Today was Challenge Day. The skipper, mate and navigator of each boat dropped by the staff boat to go over the day. The budding sailors would be taking over the boat, working together as a team to sail to Mountain Point. The fleet captain reminded everyone that this is what we had been working towards and that they all had what it took! After going over the navigation that would be involved and announcing that they’d have only three questions per boat, the campers returned to their boats for breakfast. Before we set sail, we planned to go ashore for a morning on the beach!
All campers were ashore by 8:30. We hopped into trucks for the quick ride to Anegada Beach Club. Pulling up to our morning destination, we surveyed the scene. Noting hammocks, a bar with virgin daiquiris, a small pool and a trail to the beach, everyone happily skipped off and settled in. The waiters and waitresses were busy juggling with blenders and waffle makers. We must have ordered one of everything on the menu!
Gathering on the beach around 10:30, we listened to a lesson put on by one of our mates, Jackie, who is also an avid marine ecology and environmental science lover! She taught us a bit about the origins of Anegada and had a few different varieties of coral to show us.
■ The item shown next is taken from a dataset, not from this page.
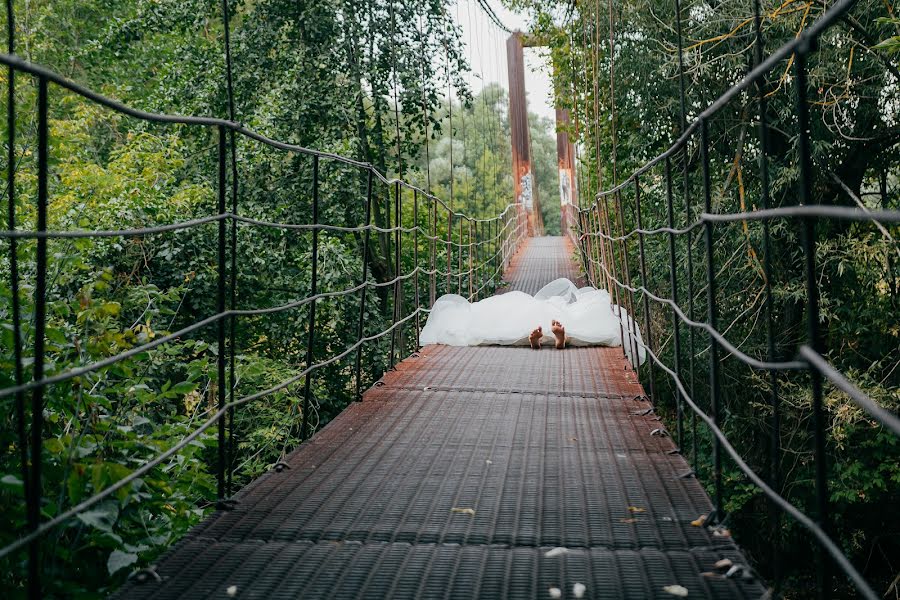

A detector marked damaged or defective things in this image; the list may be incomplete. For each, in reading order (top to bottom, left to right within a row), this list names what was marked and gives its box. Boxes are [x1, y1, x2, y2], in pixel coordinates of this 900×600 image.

We had a bit more beach time and opportunity to order some food if wanted. We then headed back to the trucks for the ride back. We dusted the sand off our feet and got into the dinghies.
Arriving back at home boats, we got everything ready to depart. Challenge Day had officially begun. Those that had been in the morning meeting briefed everyone on how things would go during this sail. Life jackets were donned and positions were assigned. We started off towards our destination. The students had taken over the boat, and were doing well considering that some had just begun learning how to sail a mere nine days before. The staff stood by alertly, only stepping in when necessary.
Our campers did well, asking their teammates for help instead of counselors. It was hard to remember but soon everyone was working together cohesively! The goal had been reached. We arrived at Mountain Point, proud of each boat. It isn’t easy to run a catamaran but our kids were well on their way to being competent sailors. We anchored and jumped in the water. Boat showers ensued as the scent of chili wafted through the air. It was Chili Cookoff night. Each boat prepared their own version of chili and by 730, our special judges had arrived to see how they had done. Each boat had their own theme and it was a blast for the judges to experience the creativity of each team! The chili, for the most part, tasted great! There was one particularly salty batch but it didn’t seem to faze the kids who made it. They ate every bite.
The greatest challenge during the program was staying entertained during the quarantine period. Not being able to leave your boat and not having a phone, which was a crutch against boredom, it was difficult at first to stay entertained.